===== Study material

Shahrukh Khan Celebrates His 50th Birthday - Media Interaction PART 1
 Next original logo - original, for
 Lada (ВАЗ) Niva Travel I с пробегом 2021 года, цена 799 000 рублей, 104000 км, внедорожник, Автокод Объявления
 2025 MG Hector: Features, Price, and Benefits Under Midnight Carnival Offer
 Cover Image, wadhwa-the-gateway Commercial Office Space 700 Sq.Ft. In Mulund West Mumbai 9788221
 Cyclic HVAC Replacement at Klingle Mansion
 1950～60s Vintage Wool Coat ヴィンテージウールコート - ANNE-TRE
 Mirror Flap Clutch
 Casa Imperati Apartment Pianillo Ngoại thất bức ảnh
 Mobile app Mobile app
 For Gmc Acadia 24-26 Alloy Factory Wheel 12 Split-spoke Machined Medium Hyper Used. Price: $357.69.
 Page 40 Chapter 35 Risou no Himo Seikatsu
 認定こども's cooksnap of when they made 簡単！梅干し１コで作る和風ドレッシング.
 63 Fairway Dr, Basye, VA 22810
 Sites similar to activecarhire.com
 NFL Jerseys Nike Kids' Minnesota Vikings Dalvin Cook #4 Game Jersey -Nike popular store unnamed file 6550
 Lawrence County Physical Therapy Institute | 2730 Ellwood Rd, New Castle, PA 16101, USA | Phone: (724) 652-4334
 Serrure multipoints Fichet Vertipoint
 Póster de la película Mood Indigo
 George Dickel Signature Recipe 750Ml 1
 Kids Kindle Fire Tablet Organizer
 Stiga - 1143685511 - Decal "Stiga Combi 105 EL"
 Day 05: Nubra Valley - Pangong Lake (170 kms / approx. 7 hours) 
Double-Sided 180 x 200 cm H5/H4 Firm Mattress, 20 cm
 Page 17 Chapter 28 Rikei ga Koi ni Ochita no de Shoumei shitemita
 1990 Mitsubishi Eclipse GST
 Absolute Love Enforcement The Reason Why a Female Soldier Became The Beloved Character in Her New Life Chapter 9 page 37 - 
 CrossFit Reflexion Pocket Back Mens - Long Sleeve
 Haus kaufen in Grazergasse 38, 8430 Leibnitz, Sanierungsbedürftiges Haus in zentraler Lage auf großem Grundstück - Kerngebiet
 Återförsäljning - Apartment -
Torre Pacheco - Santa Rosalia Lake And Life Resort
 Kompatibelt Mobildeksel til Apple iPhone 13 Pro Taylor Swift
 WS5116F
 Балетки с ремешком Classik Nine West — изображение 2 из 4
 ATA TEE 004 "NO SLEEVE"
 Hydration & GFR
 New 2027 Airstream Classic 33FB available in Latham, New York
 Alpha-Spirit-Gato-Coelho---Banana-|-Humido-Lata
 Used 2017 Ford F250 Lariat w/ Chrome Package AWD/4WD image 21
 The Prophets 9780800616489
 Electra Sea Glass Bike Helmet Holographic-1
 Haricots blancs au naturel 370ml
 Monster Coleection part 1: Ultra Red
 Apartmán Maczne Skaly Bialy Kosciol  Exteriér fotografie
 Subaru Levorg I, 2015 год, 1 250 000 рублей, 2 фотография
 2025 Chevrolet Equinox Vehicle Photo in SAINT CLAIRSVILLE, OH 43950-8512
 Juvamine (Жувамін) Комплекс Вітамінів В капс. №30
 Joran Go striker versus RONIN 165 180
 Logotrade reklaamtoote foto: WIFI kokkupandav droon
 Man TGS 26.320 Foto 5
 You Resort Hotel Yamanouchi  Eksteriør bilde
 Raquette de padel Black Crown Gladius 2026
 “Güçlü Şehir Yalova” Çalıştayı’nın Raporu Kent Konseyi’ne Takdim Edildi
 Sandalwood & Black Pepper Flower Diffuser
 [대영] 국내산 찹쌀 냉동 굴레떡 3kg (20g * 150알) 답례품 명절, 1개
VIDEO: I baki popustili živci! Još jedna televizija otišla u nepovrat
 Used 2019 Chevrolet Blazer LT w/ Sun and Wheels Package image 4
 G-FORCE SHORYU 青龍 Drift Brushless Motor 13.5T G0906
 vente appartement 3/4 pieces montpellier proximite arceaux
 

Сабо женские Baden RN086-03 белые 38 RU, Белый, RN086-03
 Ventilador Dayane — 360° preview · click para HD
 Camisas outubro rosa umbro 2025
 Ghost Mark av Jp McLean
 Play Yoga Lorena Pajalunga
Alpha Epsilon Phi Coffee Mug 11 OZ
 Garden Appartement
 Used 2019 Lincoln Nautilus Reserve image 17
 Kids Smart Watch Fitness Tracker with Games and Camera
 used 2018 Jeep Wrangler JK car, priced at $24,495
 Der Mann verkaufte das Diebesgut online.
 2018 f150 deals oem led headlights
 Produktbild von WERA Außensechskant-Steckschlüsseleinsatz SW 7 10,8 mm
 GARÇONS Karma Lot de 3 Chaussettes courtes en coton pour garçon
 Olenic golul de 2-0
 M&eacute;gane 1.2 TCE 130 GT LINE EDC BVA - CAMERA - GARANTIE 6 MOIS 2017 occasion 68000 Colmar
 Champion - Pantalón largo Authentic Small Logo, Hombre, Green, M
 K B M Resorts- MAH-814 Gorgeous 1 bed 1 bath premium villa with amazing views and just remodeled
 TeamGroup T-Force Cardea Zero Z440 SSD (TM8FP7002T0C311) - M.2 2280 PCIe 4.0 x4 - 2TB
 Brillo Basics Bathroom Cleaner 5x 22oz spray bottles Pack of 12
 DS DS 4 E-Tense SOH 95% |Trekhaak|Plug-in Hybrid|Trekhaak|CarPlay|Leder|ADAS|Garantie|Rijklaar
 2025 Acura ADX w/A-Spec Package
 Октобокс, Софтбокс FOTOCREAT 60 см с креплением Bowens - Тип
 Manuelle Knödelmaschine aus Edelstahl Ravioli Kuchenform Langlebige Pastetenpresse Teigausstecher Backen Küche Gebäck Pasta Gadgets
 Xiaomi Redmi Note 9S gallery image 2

==========

#### [Problem description]
Begin with the line above that has "For Gmc Acadia" and continue through the line that has "2025 Chevrolet Equinox", setting each one down exactly. Stop there.

#### [Written reply]
 For Gmc Acadia 24-26 Alloy Factory Wheel 12 Split-spoke Machined Medium Hyper Used. Price: $357.69.
 Page 40 Chapter 35 Risou no Himo Seikatsu
 認定こども's cooksnap of when they made 簡単！梅干し１コで作る和風ドレッシング.
 63 Fairway Dr, Basye, VA 22810
 Sites similar to activecarhire.com
 NFL Jerseys Nike Kids' Minnesota Vikings Dalvin Cook #4 Game Jersey -Nike popular store unnamed file 6550
 Lawrence County Physical Therapy Institute | 2730 Ellwood Rd, New Castle, PA 16101, USA | Phone: (724) 652-4334
 Serrure multipoints Fichet Vertipoint
 Póster de la película Mood Indigo
 George Dickel Signature Recipe 750Ml 1
 Kids Kindle Fire Tablet Organizer
 Stiga - 1143685511 - Decal "Stiga Combi 105 EL"
 Day 05: Nubra Valley - Pangong Lake (170 kms / approx. 7 hours) 
Double-Sided 180 x 200 cm H5/H4 Firm Mattress, 20 cm
 Page 17 Chapter 28 Rikei ga Koi ni Ochita no de Shoumei shitemita
 1990 Mitsubishi Eclipse GST
 Absolute Love Enforcement The Reason Why a Female Soldier Became The Beloved Character in Her New Life Chapter 9 page 37 - 
 CrossFit Reflexion Pocket Back Mens - Long Sleeve
 Haus kaufen in Grazergasse 38, 8430 Leibnitz, Sanierungsbedürftiges Haus in zentraler Lage auf großem Grundstück - Kerngebiet
 Återförsäljning - Apartment -
Torre Pacheco - Santa Rosalia Lake And Life Resort
 Kompatibelt Mobildeksel til Apple iPhone 13 Pro Taylor Swift
 WS5116F
 Балетки с ремешком Classik Nine West — изображение 2 из 4
 ATA TEE 004 "NO SLEEVE"
 Hydration & GFR
 New 2027 Airstream Classic 33FB available in Latham, New York
 Alpha-Spirit-Gato-Coelho---Banana-|-Humido-Lata
 Used 2017 Ford F250 Lariat w/ Chrome Package AWD/4WD image 21
 The Prophets 9780800616489
 Electra Sea Glass Bike Helmet Holographic-1
 Haricots blancs au naturel 370ml
 Monster Coleection part 1: Ultra Red
 Apartmán Maczne Skaly Bialy Kosciol  Exteriér fotografie
 Subaru Levorg I, 2015 год, 1 250 000 рублей, 2 фотография
 2025 Chevrolet Equinox Vehicle Photo in SAINT CLAIRSVILLE, OH 43950-8512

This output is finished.